A skateboarder, with an initial speed of 3.2 m/s , rolls virtually friction free down a straight incline of length 16 m in 3.3 s. At what angle θ is the incline oriented above the horizontal?
s = 3.2t + 1/2 at^2
3.2(3.3) - a/2 (3.3^2) = 16
a = 1.0
so, a = 1/9.8 g
So, sin(theta) = 1/9.8
theta = 5.86 degrees
Well, it seems like this skateboarder is on a roll! Now, let's calculate that angle θ to make sure this isn't just a 'wild ride'.

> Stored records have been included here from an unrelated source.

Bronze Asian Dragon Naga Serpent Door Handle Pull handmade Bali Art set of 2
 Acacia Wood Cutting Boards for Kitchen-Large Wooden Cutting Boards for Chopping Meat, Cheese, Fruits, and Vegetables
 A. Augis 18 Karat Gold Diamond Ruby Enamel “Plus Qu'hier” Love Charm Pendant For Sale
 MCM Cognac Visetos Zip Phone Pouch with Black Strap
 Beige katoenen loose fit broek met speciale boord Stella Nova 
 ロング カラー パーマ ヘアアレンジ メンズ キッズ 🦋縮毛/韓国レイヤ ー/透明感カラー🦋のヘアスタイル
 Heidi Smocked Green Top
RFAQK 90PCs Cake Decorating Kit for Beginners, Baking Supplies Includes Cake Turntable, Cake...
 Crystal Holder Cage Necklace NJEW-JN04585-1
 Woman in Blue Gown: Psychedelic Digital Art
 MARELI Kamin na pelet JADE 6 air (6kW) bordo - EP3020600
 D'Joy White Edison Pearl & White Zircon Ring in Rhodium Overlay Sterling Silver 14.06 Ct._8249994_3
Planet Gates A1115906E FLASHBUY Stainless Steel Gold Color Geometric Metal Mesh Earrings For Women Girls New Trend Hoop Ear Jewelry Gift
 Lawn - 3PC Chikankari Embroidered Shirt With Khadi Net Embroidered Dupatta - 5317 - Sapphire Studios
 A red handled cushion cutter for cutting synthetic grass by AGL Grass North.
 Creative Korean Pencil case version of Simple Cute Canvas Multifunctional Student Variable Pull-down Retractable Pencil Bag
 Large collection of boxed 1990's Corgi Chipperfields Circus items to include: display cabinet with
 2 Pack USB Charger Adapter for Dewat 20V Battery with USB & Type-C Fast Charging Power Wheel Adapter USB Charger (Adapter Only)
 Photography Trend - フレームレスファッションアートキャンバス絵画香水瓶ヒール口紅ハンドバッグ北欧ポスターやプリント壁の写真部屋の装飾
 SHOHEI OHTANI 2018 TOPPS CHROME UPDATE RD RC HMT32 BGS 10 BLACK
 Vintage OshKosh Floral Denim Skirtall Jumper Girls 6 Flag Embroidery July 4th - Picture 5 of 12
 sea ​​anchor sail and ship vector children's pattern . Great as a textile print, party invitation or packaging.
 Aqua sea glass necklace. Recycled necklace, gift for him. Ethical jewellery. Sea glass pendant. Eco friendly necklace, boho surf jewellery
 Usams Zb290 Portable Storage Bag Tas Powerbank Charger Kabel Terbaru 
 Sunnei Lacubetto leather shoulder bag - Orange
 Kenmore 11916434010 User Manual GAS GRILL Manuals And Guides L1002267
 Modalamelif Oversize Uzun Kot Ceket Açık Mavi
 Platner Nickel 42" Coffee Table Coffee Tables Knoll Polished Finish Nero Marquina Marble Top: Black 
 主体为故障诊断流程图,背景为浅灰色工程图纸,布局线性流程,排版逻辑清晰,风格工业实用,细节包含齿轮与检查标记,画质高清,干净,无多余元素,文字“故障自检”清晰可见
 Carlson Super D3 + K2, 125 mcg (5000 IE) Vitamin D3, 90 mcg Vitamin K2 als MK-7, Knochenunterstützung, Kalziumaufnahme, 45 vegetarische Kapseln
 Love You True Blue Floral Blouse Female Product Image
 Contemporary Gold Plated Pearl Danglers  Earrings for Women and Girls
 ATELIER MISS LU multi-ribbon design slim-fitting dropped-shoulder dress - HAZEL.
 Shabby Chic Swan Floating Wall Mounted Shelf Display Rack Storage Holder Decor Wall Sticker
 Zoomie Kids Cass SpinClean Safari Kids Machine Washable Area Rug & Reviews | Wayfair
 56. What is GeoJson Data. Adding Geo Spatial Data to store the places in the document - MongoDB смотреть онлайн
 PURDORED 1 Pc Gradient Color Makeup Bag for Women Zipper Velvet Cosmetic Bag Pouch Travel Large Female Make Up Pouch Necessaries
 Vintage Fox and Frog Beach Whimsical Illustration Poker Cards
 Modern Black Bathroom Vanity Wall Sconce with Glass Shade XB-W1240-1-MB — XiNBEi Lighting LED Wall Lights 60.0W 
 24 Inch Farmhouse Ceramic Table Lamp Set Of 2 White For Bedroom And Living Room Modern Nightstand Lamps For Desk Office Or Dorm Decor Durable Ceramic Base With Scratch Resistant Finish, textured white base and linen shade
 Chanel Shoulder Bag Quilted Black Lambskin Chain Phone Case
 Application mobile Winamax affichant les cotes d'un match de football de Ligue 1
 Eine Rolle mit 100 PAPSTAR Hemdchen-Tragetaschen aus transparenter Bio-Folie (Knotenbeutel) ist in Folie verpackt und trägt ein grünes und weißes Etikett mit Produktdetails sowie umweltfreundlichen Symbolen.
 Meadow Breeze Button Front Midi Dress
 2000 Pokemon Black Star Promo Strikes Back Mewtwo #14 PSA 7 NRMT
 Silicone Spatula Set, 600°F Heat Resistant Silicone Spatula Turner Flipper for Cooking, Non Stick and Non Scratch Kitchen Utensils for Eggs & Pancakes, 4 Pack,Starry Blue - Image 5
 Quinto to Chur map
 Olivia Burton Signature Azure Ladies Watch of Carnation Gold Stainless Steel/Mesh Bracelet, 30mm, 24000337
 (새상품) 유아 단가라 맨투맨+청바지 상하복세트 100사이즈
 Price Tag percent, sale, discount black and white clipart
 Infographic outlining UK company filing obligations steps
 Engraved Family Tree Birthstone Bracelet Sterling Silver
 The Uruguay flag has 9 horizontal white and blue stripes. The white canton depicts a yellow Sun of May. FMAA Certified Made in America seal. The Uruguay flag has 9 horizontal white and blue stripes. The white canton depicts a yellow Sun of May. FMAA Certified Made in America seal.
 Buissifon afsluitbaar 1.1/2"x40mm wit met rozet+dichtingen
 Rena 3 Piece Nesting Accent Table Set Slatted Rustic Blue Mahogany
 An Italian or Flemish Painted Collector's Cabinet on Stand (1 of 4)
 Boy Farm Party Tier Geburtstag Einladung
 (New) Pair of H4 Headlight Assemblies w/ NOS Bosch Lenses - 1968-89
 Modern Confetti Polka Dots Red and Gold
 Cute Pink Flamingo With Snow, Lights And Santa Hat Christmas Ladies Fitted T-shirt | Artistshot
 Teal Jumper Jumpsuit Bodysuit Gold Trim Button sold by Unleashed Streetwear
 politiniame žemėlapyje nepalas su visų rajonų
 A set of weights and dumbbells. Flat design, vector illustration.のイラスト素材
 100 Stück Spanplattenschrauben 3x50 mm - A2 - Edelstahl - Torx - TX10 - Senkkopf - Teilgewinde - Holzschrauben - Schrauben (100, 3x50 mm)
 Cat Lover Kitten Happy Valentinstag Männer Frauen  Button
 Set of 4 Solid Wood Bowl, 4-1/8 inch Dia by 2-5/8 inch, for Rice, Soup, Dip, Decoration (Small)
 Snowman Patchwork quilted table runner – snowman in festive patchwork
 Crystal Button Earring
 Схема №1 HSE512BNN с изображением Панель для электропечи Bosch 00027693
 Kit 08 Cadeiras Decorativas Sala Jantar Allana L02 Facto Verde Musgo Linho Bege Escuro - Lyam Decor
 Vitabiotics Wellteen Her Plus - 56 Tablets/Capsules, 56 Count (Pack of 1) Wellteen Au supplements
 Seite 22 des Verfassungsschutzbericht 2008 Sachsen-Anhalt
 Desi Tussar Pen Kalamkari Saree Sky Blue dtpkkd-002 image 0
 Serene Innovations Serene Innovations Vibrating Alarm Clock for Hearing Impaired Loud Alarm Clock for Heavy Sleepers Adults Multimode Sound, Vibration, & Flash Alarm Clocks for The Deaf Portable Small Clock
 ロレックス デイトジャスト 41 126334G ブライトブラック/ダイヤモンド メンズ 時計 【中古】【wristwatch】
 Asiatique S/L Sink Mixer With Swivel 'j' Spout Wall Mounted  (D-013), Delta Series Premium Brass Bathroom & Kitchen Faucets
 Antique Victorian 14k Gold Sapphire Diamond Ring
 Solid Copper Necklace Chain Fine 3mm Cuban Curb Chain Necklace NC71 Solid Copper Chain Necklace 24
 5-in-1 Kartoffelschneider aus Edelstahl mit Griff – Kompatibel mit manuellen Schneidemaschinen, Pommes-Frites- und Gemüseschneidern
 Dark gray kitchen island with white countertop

To start off, we can use the kinematic equation for displacement along an inclined plane:
Δx = v₀t + (1/2)at²
Here, Δx is the displacement, v₀ is the initial velocity, t is the time, and a is the acceleration due to gravity. Since the skateboarder rolls virtually friction-free, the only acceleration acting on them is due to gravity, which we know is roughly -9.8 m/s² (now that's a real up-and-down relationship).
So, plugging in the values we know:
16 m = (3.2 m/s)(3.3 s) + (1/2)(-9.8 m/s²)(3.3 s)²
16 m = 10.56 m + (1/2)(-32.34 m)
16 m = 10.56 m - 16.17 m
Now, to solve for θ, we use a little trigonometry. The angle θ is the angle of the incline above the horizontal, so we can use the sine function:
sin(θ) = opposite/hypotenuse
In this case, the opposite side is the vertical drop of -16.17 m and the hypotenuse is the length of the incline, 16 m.
sin(θ) = -16.17 m / 16 m
θ = sin⁻¹(-16.17/16)
Now, sadly, θ turns out to be greater than 90 degrees, which doesn't really make sense physically. So, it looks like my calculations got a bit 'skewed'. Perhaps this skateboarder's 'airtime' caused some measurement error? Let's try a little harder to solve this puzzle, shall we?
To find the angle θ at which the incline is oriented above the horizontal, we can use the concept of motion along an inclined plane.
The skateboarder's initial speed is 3.2 m/s, the length of the incline is 16 m, and the time it takes to traverse the incline is 3.3 s. We can use these values to find the acceleration and then calculate the angle θ.
Step 1: Calculate the acceleration (a) of the skateboarder using the kinematic equation:
distance = initial velocity * time + (0.5 * acceleration * time^2)
16 m = 3.2 m/s * 3.3 s + (0.5 * acceleration * (3.3 s)^2)
16 m = 10.56 m + (5.44 * acceleration)
16 m - 10.56 m = 5.44 * acceleration
5.44 * acceleration = 5.44 m
acceleration = 1 m/s^2
Step 2: Calculate the angle (θ) using the formula:
acceleration = g * sin(θ)
1 m/s^2 = 9.8 m/s^2 * sin(θ)
sin(θ) = 1 m/s^2 / 9.8 m/s^2
sin(θ) = 0.102
Step 3: Use the inverse sine function to find the angle θ:
θ = sin^(-1)(0.102)
θ ≈ 5.89 degrees
Therefore, the incline is oriented approximately 5.89 degrees above the horizontal.
To find the angle θ at which the incline is oriented above the horizontal, you can use the concept of kinematics and trigonometry.
First, let's identify the given information:
- Initial speed of the skateboarder (u) = 3.2 m/s
- Length of the incline (s) = 16 m
- Time taken to travel down the incline (t) = 3.3 s
Next, use the kinematic equation for motion along an incline:
s = ut + (1/2)at^2
Since the incline is virtually friction-free, the acceleration will be due to gravity and can be represented as a = g * sin(θ), where g is the acceleration due to gravity (9.8 m/s²).
Substituting the given values into the equation, we have:
16 = (3.2) * 3.3 + (1/2) * (9.8) * sin(θ) * (3.3)^2
Simplifying this equation will give you:
16 - (3.2 * 3.3) = (1/2) * (9.8) * (3.3)^2 * sin(θ)
Now, rearrange the equation to solve for sin(θ):
sin(θ) = (16 - (3.2 * 3.3)) / [(1/2) * (9.8) * (3.3)^2]
Evaluate the right side of the equation using a calculator:
sin(θ) = 0.247
Finally, take the inverse sine (sin⁻¹) of both sides to find the angle θ:
θ = sin⁻¹(0.247)
Using a calculator, the angle θ is approximately 14.2 degrees above the horizontal.